I always urge them to rethink this strategy because I think it makes their website less effective. Pictures tell half the story! If I have the client’s pictures from the outset, I can weave them into the design of the website and use fewer words.
In this day of short attention spans and mobile browsing, the fewer words we need to communicate our ideas, the better!
Maybe you’re getting ready to build a website or do a website makeover. Please, put some effort into collecting great pictures before you get started. You don’t have to have all of them right from the start, but the more you have, the easier it will be to make an effective design.
Studio Photos Checklist
I’m getting ready to design a site for a local teacher, so I took the opportunity to put together this list of photos to gather before getting started. They’re not all “necessary” shots, just ideas to help her photographer get a good variety to use throughout the website:
- Head Shots
- Other teachers
- Studio staff
- Featured students
- Studio pets!
- Action shots
- Teachers teaching
- Students learning
- Students/teachers playing their instruments
- Activities away from the instrument
- Group games
- View from the road
- Teaching rooms
- Waiting room
- Music library
- Welcome packet or brochure
- Nearby amenities (parks, coffee shops, playgrounds – anywhere waiting families might entertain themselves)
- Recital group shots
- Recital individual shots
- Community events your studio participates in
- Elements (these make great background photos!)
- Close-ups of unique studio features
- Close-ups of instruments
- Teaching supplies
- Curriculum (A picture of the curriculum you use communicates valuable information to prospective students without words!)
Do I need a pro photographer?
A professional photographer will probably capture shots that an untrained iPhone photographer won’t see, but if you’re on a limited budget, a friend with a good eye and a decent cell phone camera will get you off to a fine start.
- Capture the same subject from a variety of perspectives (close-up/far away) and angles.
- Place the subject off-center. There are artistic reasons for making the subject of the photo off-center and, from a practical web design standpoint, it allows you to use the picture in the background and place text over the area that’s not the main focus of the image.
- Read photography blogs for more tips on how to take great pictures with your camera or phone!
Accuracy or Aspiration?
There are two philosophies here. You can use pictures to 1) show what your studio currently is or 2) show what you want your studio to become. I recommend a blending of the two.
If your studio is primarily focused on teaching young kids, your website photos should primarily feature young kids.

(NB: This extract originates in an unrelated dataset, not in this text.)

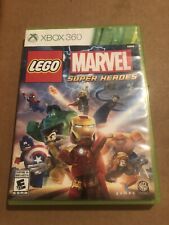 Lego Marvel Super Heroes (Microsoft Xbox 360, 2013) seminovo comprar usado  Enviando para Brazil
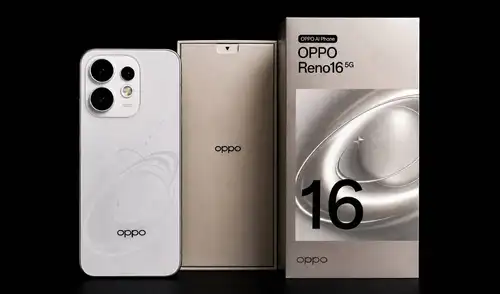Evaluamos las características del OPPO Reno 16 durante el día a día. Foto: composición LR. como-funciona-oppo-reno16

If you want to start a group class for teens, however, I would suggest getting a group of teens together for a sample class and photo shoot. Just don’t dominate the website with pictures of teens if they only represent a small portion of your studio.
Nothing is more disappointing than expecting one thing based on a business’s website pictures and then being greeted by something entirely different when you arrive. (Has anyone else noticed that auto shops are notoriously guilty of this???)
So go, tidy up your studio (you’ll feel better afterward, I promise!), and take some pictures! Make those websites come alive with images that tell the story of your studio! I’d love to see links to your studio website in the comments below!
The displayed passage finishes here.